Biotechnologia UP Wrocław
Uczelnia: Uniwersytet Przyrodniczy we Wrocławiu
Wydział: Nauk o Żywności
Kierunek: biotechnologia
Typ: dwustopniowe dzienne *
Tytuł: magister / inżynier
Informacje: Biotechnologia UP Wrocław
Po szczegółowe informacje nt. rekrutacji na kierunek: biotechnologia, na: Uniwersytet Przyrodniczy we Wrocławiu, przejd na stronę www uczelni.

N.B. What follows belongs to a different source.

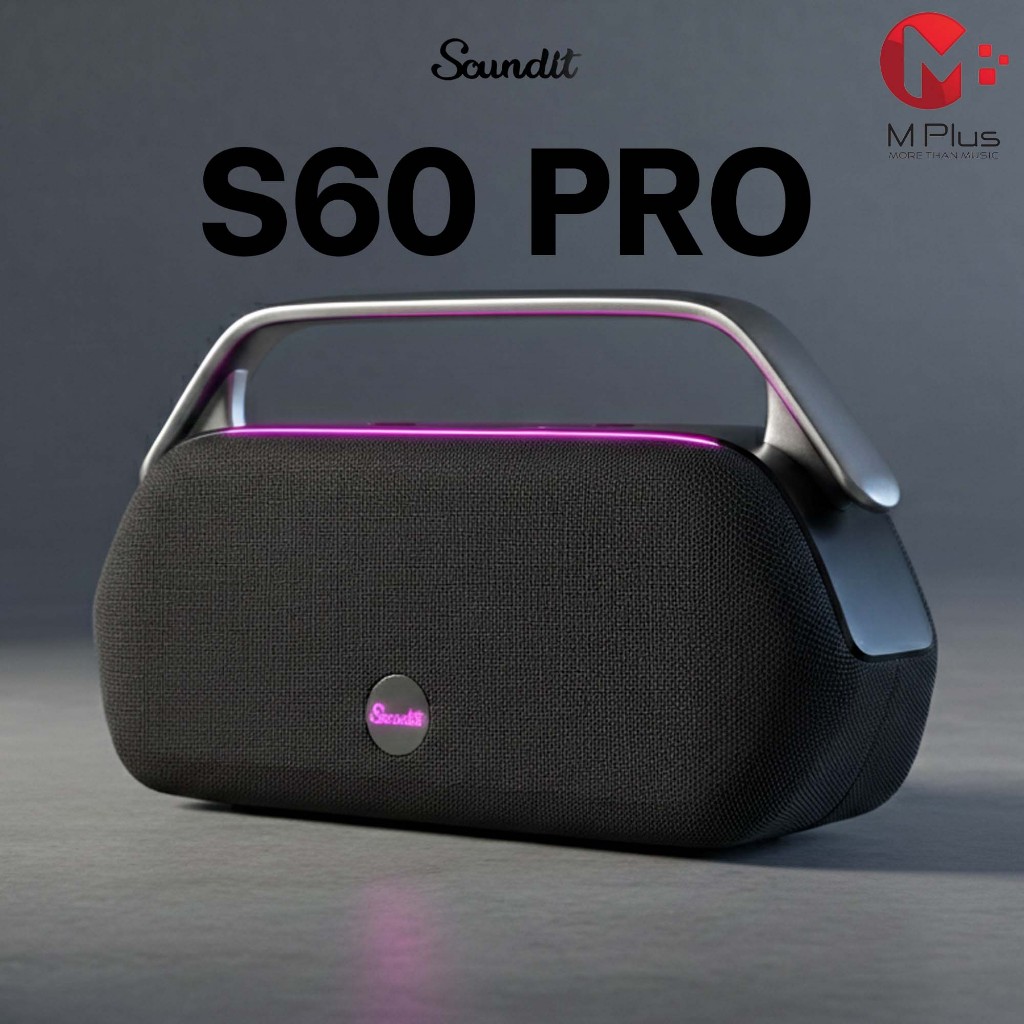 SOUNDIT S60PRO ลำโพงบลูทูธไร้สายพร้อมไมค์ฟรี 1 อัน สั่งการด้วยระบบดิจิตอล พกพาง่าย โหมด EQ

Opinie Biotechnologia UP Wrocław
Uniwersytet Przyrodniczy we Wrocławiu
Gosia | 2012-04-09
Marta | 2011-06-24
Jak przeczytalam te komentarze rok temu, gdy wybierałam studia, to bylam załamana i strasznie sie bałam. Chcialam isc na co innego, nie dostalam sie tam, przyjeli mnie na biotechnologii. i wiecie co? wcale nie zaluje!!! wlasnie koncze 1 rok i musze powiedziec, ze byl to wspanialy rok1 poznalam swietnych ludzi, wspanialych wykladowcow i mimo, ze nigdy nie bylam orlem z matmy to jakos zdalam, bo postawilam sobie taki cel! Jesli wykladowca/cwiczeniowiec widzi, ze ci zalezy i starasz sie(a nie podlizujesz bo to co innego) to wtedy potrafi to docenic. jaki jestes dla innych tacy inni sa dla Ciebie. Panie z dziekanau sa bardzo mile i pomocne, zawsze cierpliwie tlumacza jak czegos nie rozumiesz. Aha zauwazylam, ze wykladowcy/cwicz. doceniaja to jak nie rozumiesz czegos i chodzisz na konsultacje badz do talicy i mowisz ze nie rozumiesz. Troche wiecej pokory, systematyki (przede wszytskim!!!!!!!) i i checi a na pewno uda sie przejsc przez te studia. Dla chcacego nic trudnego! pozdrawiam:)
lusia | 2010-11-30
witam wszystkich:) jestem na drugim roku i po prostu uwielbiam laborki:D tylko wkurza mnie że na większości przedmiotów pracujemy w parach;/ wolałam organiczną na pierwszym roku gdzie każdy robił swoje indywidualnie:) dopytki ustne rzeczywiście nie są najprzyjemniejsze ale jak już się je zaliczy to pozostaje ogromna satysfakcja:) no i może ludzie niektórzy troszkę dziwni ale to się zdarza wszędzie:P pozdrawiam serdecznie;)
ja | 2010-10-14
A mi sie tutaj podoba... :P Studia sa ciekawe i zajmujemy sie interesujacymi zagadnieniami, a to, ze trzeba sie uczyc i czasem jest ciezko, to inna sprawa :) Ja osobiscie polecam :)
Kanma | 2010-08-12
Ja na szczęście jestem już na ostatnim roku!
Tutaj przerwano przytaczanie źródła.